22.06.2020 16:20:40

MÄRKTE EUROPA/Europas Börsen bauen Verluste aus

FRANKFURT (Dow Jones)--Europas Börsen bauen die Verluste am Montagnachmittag wieder aus. Im Handel ist von "normaler Volatilität" die Rede. Fundamental belastet die Sorge vor neuen Wellen von Corona-Ausbreitungen und damit einhergehenden neuen Abriegelungen - zumindest auf regionaler Ebene. Der DAX büßt 0,5 Prozent ein auf 12.270 Punkte, der Euro-Stoxx-50 gibt um 0,7 Prozent auf 3.245 Punkte nach.

Verwiesen wird unter anderem auf den Fall des Fleischverarbeiters Tönnies in Deutschland, wo mittlerweile über 1.300 Neuinfektionen festgestellt wurden. Neue Lockdown-Maßnahmen wurden deshalb zwar noch nicht verfügt, sie könnten aber noch kommen. Denn insgesamt steigt die Infektionsrate in Deutschland wieder. Auch aus anderen Teilen der Welt wird immer wieder von neuen Infektions-Brennpunkten berichtet.
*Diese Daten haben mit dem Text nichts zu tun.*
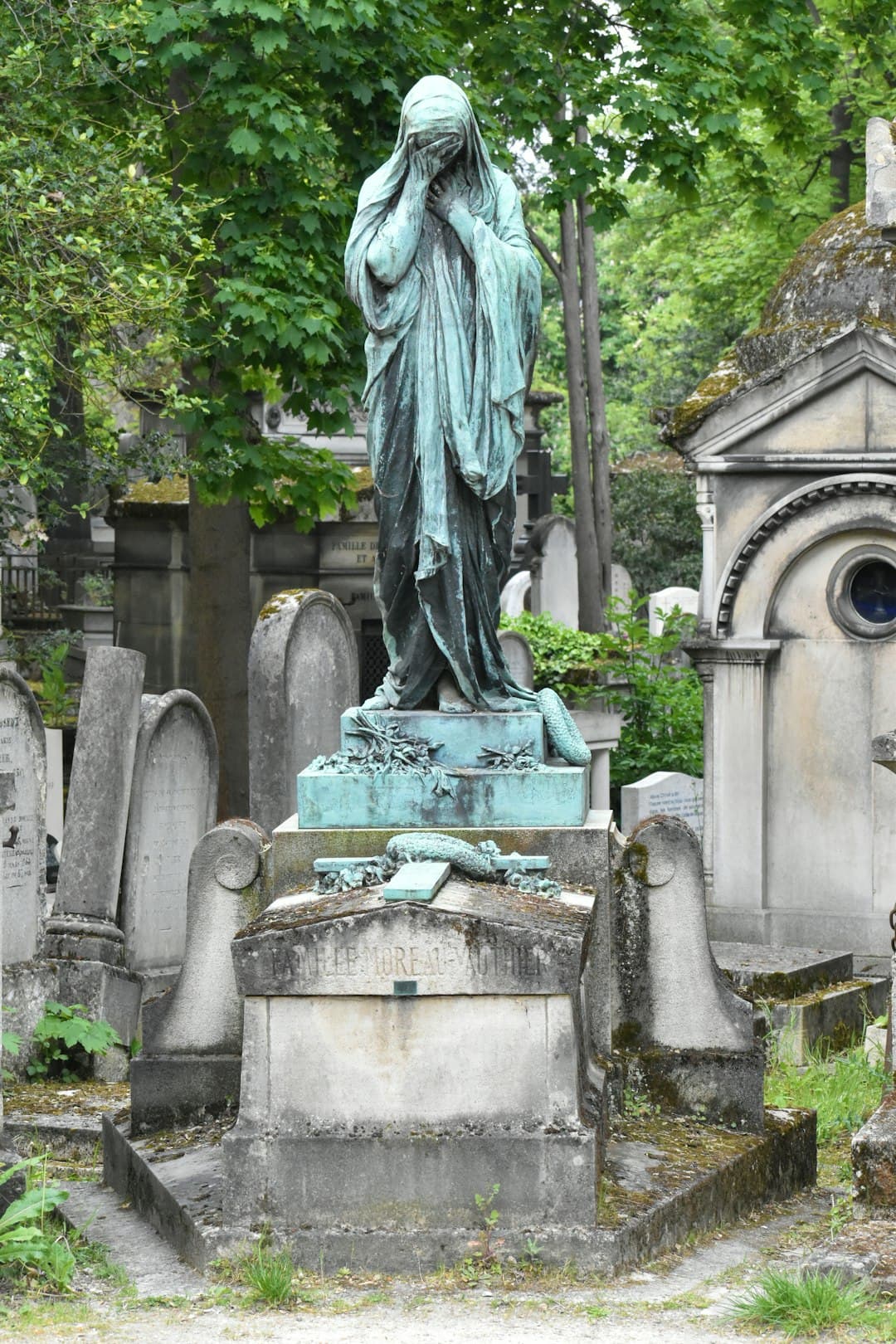 Père Lachaise Cemetery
"Entscheidend ist und bleibt die Frage, ob und in welchem Umfang es bei einer zweiten Infektionswelle zu erneuten Lockdowns kommt", sagt Martin Utschneider vom Bankhaus Donner & Reuschel. Als etwas stimmungsbelastend stufen die Marktstrategen der Helaba auch ein, dass die Beratungen der EU-Staats- und Regierungschefs über den milliardenschweren Wiederaufbaufonds am Freitag ohne Ergebnis zu Ende gegangenen sind. Der Euro zeigt sich davon aktuell aber nicht mehr belastet - im Gegentgeil, er erholt sich leicht.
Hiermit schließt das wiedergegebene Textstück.